Replicate Publisher changes to Subscribers and Subscriber changes back to the Publisher

SQL Server's advanced replication features let you synchronize data between databases, whether the databases reside on the same or different servers. But why not just back up the database and restore it on another server or use Data Transformation Services (DTS) to transfer tables and data? If you're working with read-only databases, these techniques work fine. But what if you have a large (100GB or larger) online transaction processing (OLTP) database that handles 100 or more transactions a minute? Or what if you have more than 1000 users running select, insert, update, and delete statements at least 8 hours a day? In these scenarios, running a backup and restore every 10 minutes—which would lock your tables and generate irate calls from users—is unacceptable. Using DTS or bulk copy program (bcp) to transfer that much data whenever you want to synchronize databases also isn't an option; the transfer would take far too long.

Although replication doesn't speed up data transfer, it does let you transfer data from one server to others all at once, then apply those changes to other databases. In short, replication can be the best choice for data transfer if you're looking for a happy medium between data concurrency and availability.

SQL Server 6.0 introduced replication support, and SQL Server 6.5 added minor enhancements. But SQL Server 7.0 takes replication to a higher level of functionality and ease of use. SQL Server 7.0 goes beyond snapshot and standard transactional replication to support two-way (or immediate updating subscription) replication and merge replication. It also lets you replicate data to and from non-SQL Server platforms. And SQL Server 7.0 automates all replication tasks, letting database administrators set up and administer replication through wizards without writing a single stored procedure. Through the replication wizards, you can even instruct SQL Server to write cleanup tasks and notify the administrator of errors by email or pager. Let's walk through SQL Server 7.0's wizards to set up an example immediate-updating subscription replication solution, examine what SQL Server does behind the scenes to implement this solution, then test the solution.

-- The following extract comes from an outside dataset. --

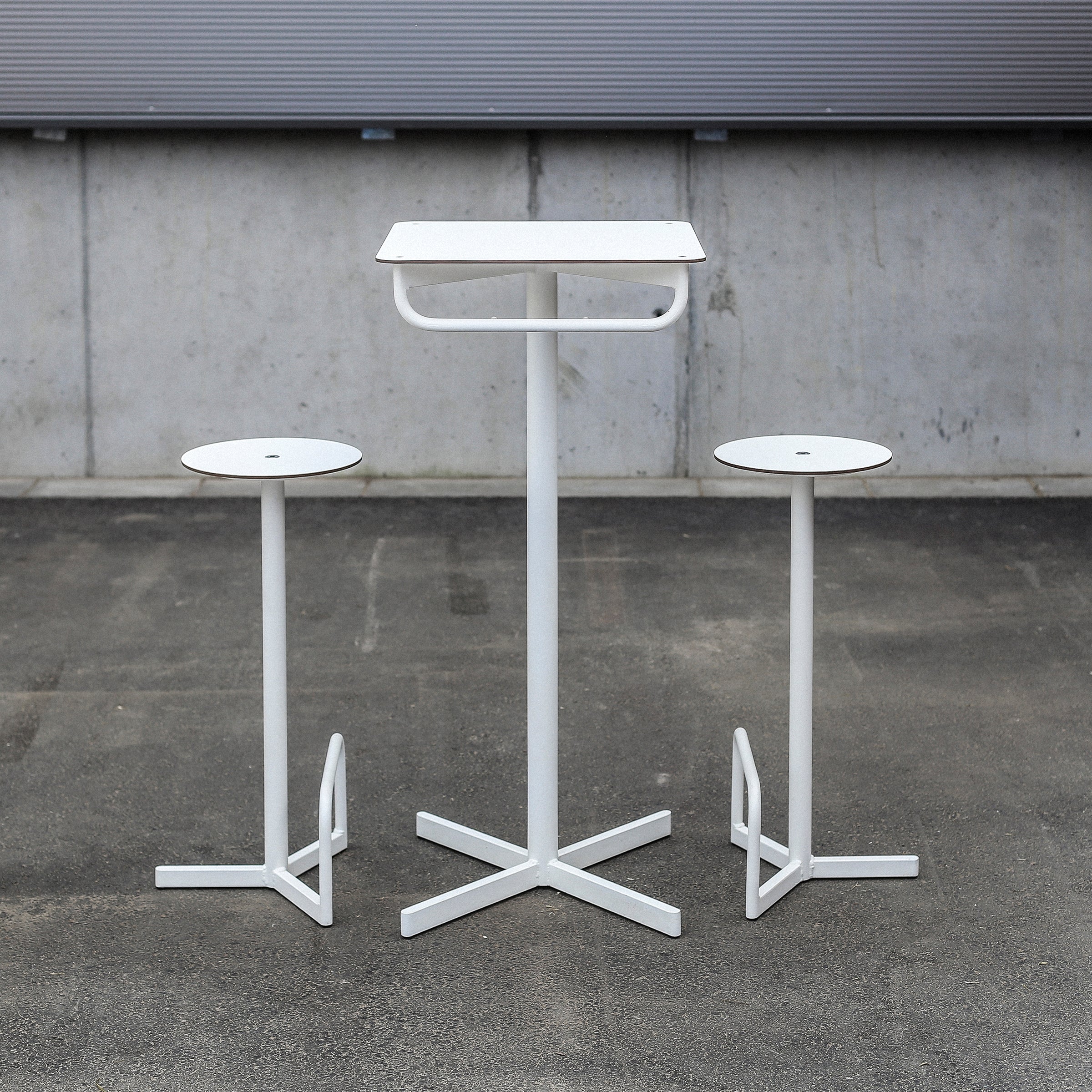 The BISTROT BAR Bar Table by Egoe features a minimalist design with a square white metal table and two matching stools with circular tops, set against a concrete wall and asphalt ground, creating an industrial restaurant furniture vibe.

Publishers, Subscribers, and Distributors


Microsoft uses a Publisher-Subscriber metaphor to describe SQL Server's replication process. Publishers are servers that make data available for replication. Subscribers are servers to which SQL Server replicates the data. Note that each Publisher can simultaneously act as a Subscriber. On the Publisher, SQL Server generates publications, which can contain one or more articles. An article is simply a table or a subset of a table. You then create subscriptions by choosing the publications you want the Publisher to replicate to Subscribers. Each subscription can contain one or multiple articles, and to be replicated, articles must belong to subscriptions. The last piece of the replication puzzle is the Distributor—the server that tracks the data and transactions that you need to replicate. Note that the Distributor can be the Publisher server or a separate server.

SQL Server 7.0 supports three types of replication: snapshot, transactional, and merge. Snapshot replication transfers a "snapshot" of the data—a copy of the data at a specific point in time—from one database to another. Snapshot replication generates minimal additional workload on the Publisher and Distributor servers, but it doesn't give you a high level of data consistency among replication participants because it doesn't keep Publisher and Subscriber databases in synch. Thus, snapshot replication is best for situations where you don't need up-to-the-minute data synchronization.

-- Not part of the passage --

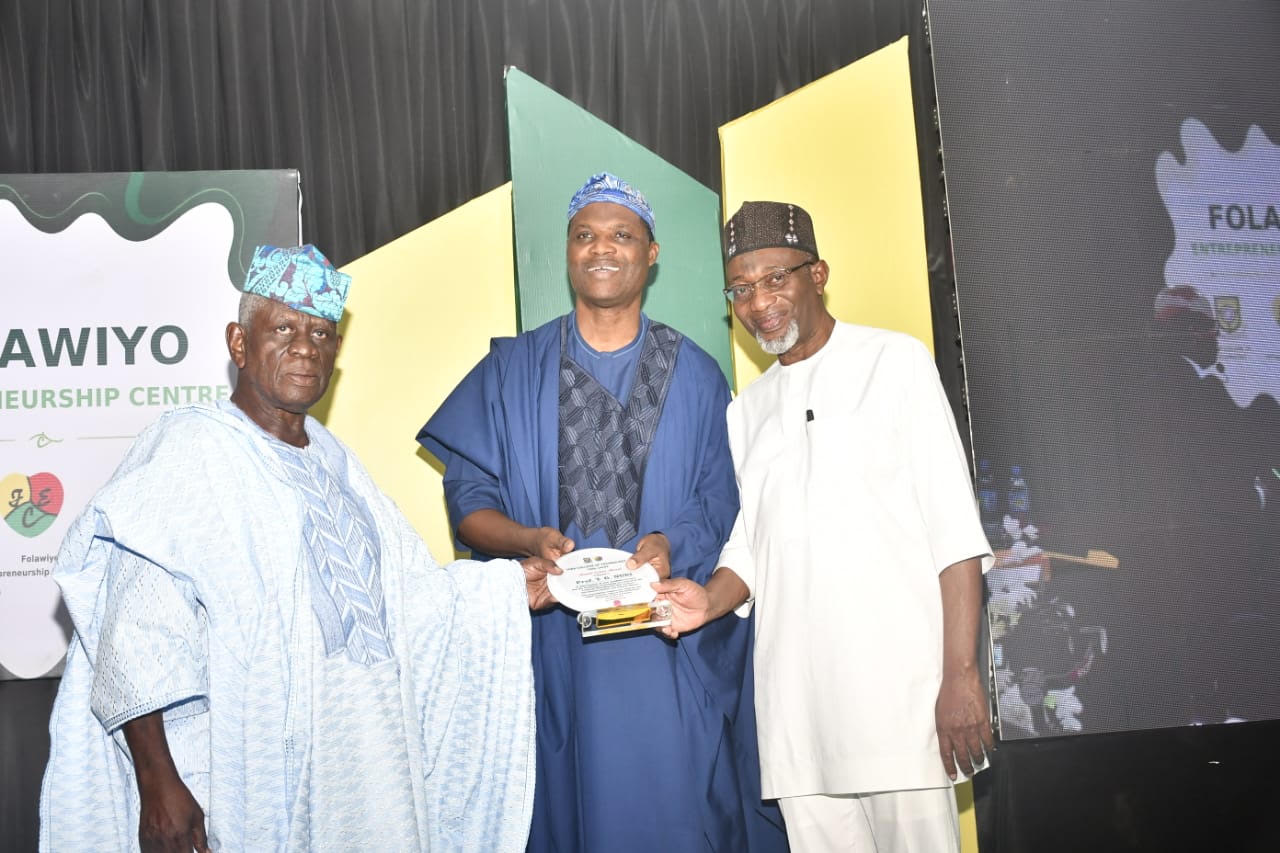 Three men pose on stage at the Folawiyo Entrepreneurship Centre lecture, with one receiving an award.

In contrast, with transactional replication, several processes continuously monitor changes on the Publisher and periodically replicate those changes to Subscribers. With SQL Server 7.0, you can set up replication to also monitor Subscriber databases and replicate changes back to the Publisher. Microsoft calls this functionality immediate-updating subscription. Transactional replication is best for situations where you need constant synchronization between the Publisher and Subscriber servers.

SQL Server 7.0 also features support for the new merge replication function, which lets you merge data from databases on several servers to one database on the central server. Merge replication is best for environments in which a central server acts as the organization's main repository and must be regularly synchronized with all the Subscribers. Subscribers in merge replication also can modify data. If the Publisher and a Subscriber modify the same data at the same time, a conflict reader algorithm determines the winner.

When considering replication, you have to balance replication latency and data integrity. With minimal latency—that is, if you replicate transactions as soon as SQL Server commits them on the Publisher—you increase the workload for both the Publisher and Distributor. To handle the load, you might want a separate server acting as Distributor. However, if you accept some delay between transaction commitment and replication, the workload is more manageable but you risk not having up-to-the-minute data on the Subscribers. For example, consider a bank headquarters, which uses SQL Server to generate daily management reports, and the bank's branch offices, which use SQL Server to track ATM transactions. You could accept some delay in replicating transactions to the headquarters. However, you need to replicate withdrawal of money at one branch to the rest of the branch servers right away.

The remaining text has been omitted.